How To Make Razorback Potatoes

This recipe came from my wife’s cousin, Heather. It’s a really easy way to add a ton of flavor to plain-old baked potatoes. And once you’ve done it, you’ll start thinking of all kinds of ways to change it up to match whatever you’re going to serve it with.

Ingredients

baking potatoes
Italian dressing
grated Parmigiano Reggiano cheese

Directions

Slice the potatoes almost all the way through into half-inch slices. Leave them connected just enough that you can fan out the slices.

Brush the potato all over with the dressing. Make sure you get down in between the slices.

I’m using the zesty Italian vinaigrette. You can do this same preparation with plain olive oil. I have, and most of the oil runs off before the potato browns up very much. The vinaigrette sticks around much better.

Bake at 400° for 40-50 minutes, until a sharp knife goes through the thickest slice without resistance.

Sprinkle the top with grated cheese. It doesn’t have to be Parmigiano Reggiano, but something hard like Romano or Parmesan is better than a soft cheese like cheddar or mozzarella.

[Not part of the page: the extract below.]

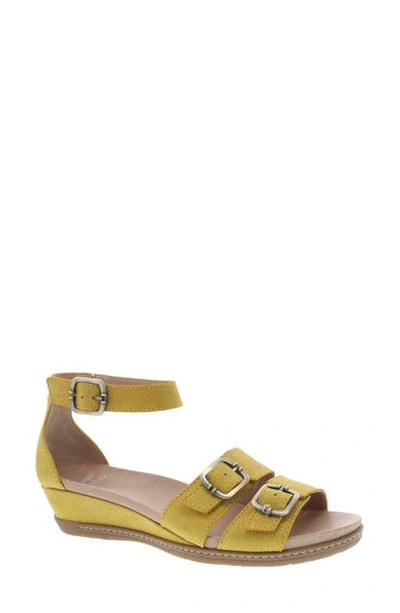 Shop Dansko Astrid Wedge Sandal In Yellow Nubuck Leather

Return to the oven, or place under the broiler, until the cheese is melted.

And that’s it.

Razorback Potatoes

Razorback Potatoes

Ingredients

  • baking potatoes
  • Italian dressing
  • grated Parmigiano Reggiano cheese

Instructions

Slice the potatoes almost all the way through into half-inch slices. Leave enough connected that you can fan the slices out without the potato falling apart.

Brush with the dressing, making sure to get it down in between the slices. Bake at 400° for 40-50 minutes, until a sharp knife goes through the thickest slice without resistance.

Top with grated cheese, and return to the oven or place under the broiler until the cheese is melted.